Einig sind sich alle Beteiligten schon länger darin, dass die Mieten von rund 1,5 Millionen vor 2014 erbauten Wohnungen wegen zuletzt starker Aufschläge und zunehmenden Mangels an bezahlbarem Wohnraum fünf Jahre eingefroren werden sollen. Strittig waren allerdings Detailfragen, die seit Wochen für schlechte Stimmung in der Koalition sorgen.

So stellte sich die SPD mit Regierungschef Michael Müller zum Ärger von Linken und Grünen gegen die Idee, abhängig vom Einkommen zusätzlich Mietkürzungen zu ermöglichen und damit in bestehende Mietverträge einzugreifen.

Auch eine Festlegung von Mietobergrenzen ohne Berücksichtigung der Lage wollte die SPD nicht mittragen. Solche Grenzen kämen - so die bisherige Idee - bei Mietsenkungen zum Tragen oder dürften bei Neuverträgen nicht überschritten werden. Zu beiden Punkten gibt es nach dpa-Informationen noch keine endgültige Lösung. Auch nicht dazu, ob diese womöglich später als der eigentliche Mietendeckel in Kraft treten.

Einigkeit soll nach Angaben aus der Verhandlungsrunde hingegen in der Frage des "atmenden Mietendeckels" bestehen: Vermieter sollen demnach einen festen Inflationsausgleich von jährlich 1,3 Prozent geltend machen können. Für Modernisierungen sollen sie einen Euro je Quadratmeter auf die Miete aufschlagen können.

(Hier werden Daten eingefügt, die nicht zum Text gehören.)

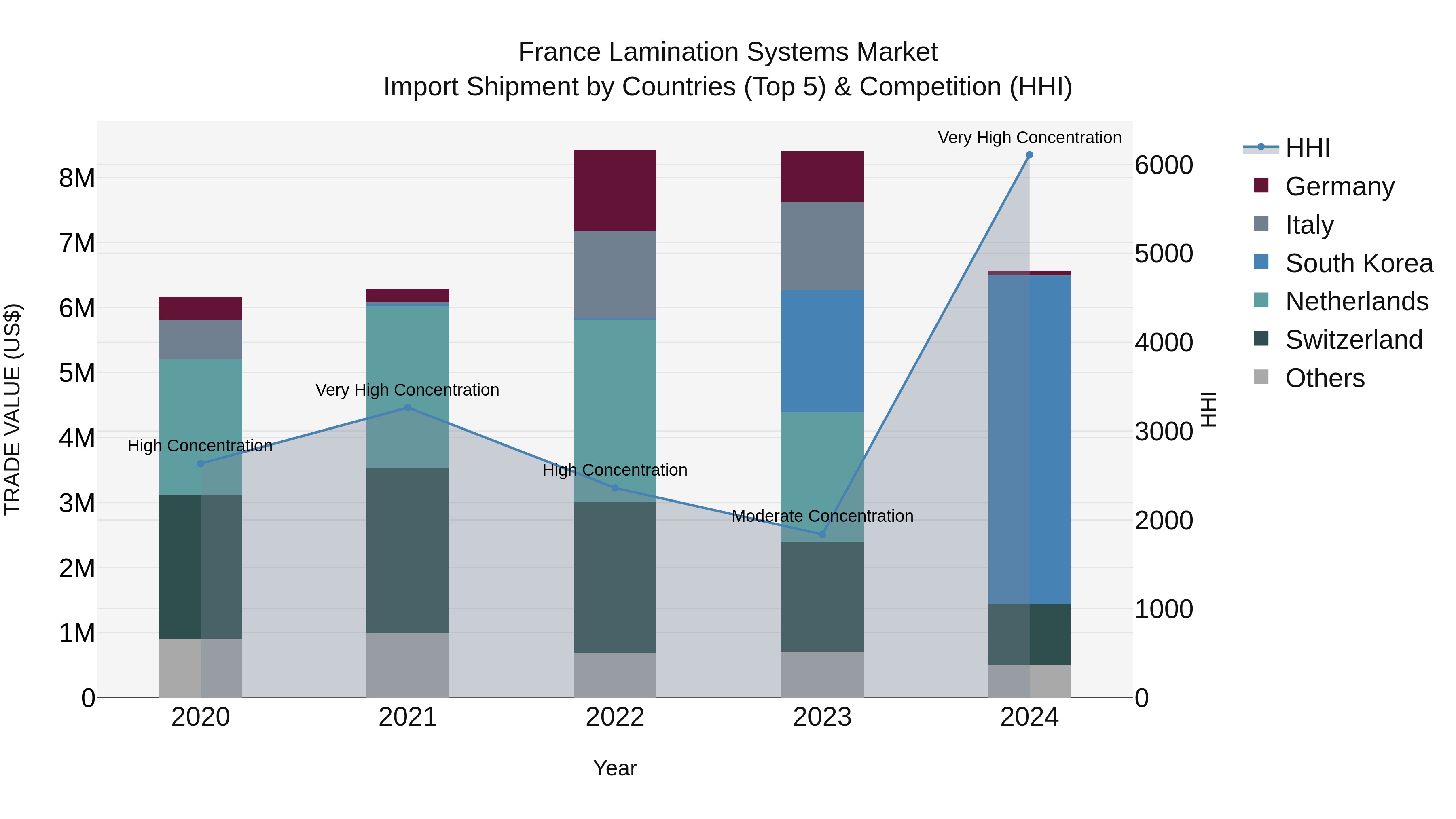 France Lamination Systems Market Top 5 Importing Countries and Market Competition (HHI) Analysis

Der Koalitionsstreit über den bundesweit bisher einmaligen und von der Wohnungswirtschaft vehement abgelehnten Mietendeckel schwelt seit Wochen. Nun läuft den Koalitionären langsam die Zeit davon: Nach bisherigen Plänen soll der Mietendeckel im Januar 2020 rückwirkend zum 18. Juni 2019 in Kraft treten - an dem Tag hatte der Senat erste Eckpunkte beschlossen. Um diesen Zeitplan zu halten, müsste der Senat den Gesetzentwurf am kommenden Dienstag beschließen. Danach wäre das Abgeordnetenhaus am Zug.

Hintergrund für die Pläne ist der angespannte Wohnungsmarkt in der Hauptstadt. In manchen Stadtteilen haben Normalverdiener kaum noch eine Chance, eine bezahlbare Bleibe zu finden. Die Mieten für freie Wohnungen haben sich innerhalb von zehn Jahren laut Bundesbauministerium auf durchschnittlich 11,09 Euro je Quadratmeter nettokalt im Jahr 2018 verdoppelt. Und der Trend hält an: Für 2019 kommt das Portal Immowelt im Mittel auf 11,60 Euro.

Der Mietanstieg in Berlin ist damit stärker als anderswo in Deutschland. Das sorgt für viele aufgeheizte Debatten in der Stadt, eine Initiative hat sogar ein in Deutschland bisher einmaliges Volksbegehren für die Enteignung großer Wohnungskonzerne angestrengt. Allerdings liegt Berlin mit seinem Mietniveau noch hinter anderen deutschen Großstädten wie München, Hamburg oder Stuttgart. Laut aktuellem Mietspiegel, in den auch Bestandsverträge einfließen, zahlen Berliner eine Durchschnittsmiete von 6,72 Euro.